- **THE PROBLEM**:
In the records below, find the line with "Bild 3: Austin Seven Saloon", then retype it and every following line exactly, stopping after the line with "Volkswagen Taigo 1.5". Leave the pictures out.

- **RECORDS SHOWN**:
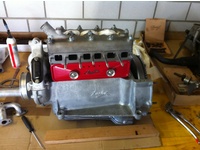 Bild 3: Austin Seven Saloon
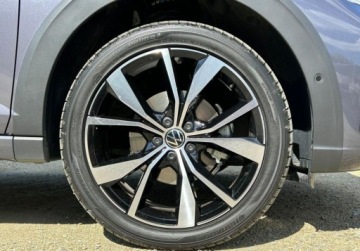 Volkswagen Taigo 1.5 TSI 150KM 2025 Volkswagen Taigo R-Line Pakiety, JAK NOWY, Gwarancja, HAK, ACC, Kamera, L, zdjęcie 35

--

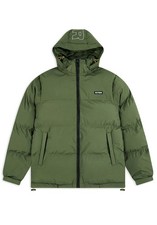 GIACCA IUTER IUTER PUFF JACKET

- **REPLY**:
 Bild 3: Austin Seven Saloon
 Volkswagen Taigo 1.5 TSI 150KM 2025 Volkswagen Taigo R-Line Pakiety, JAK NOWY, Gwarancja, HAK, ACC, Kamera, L, zdjęcie 35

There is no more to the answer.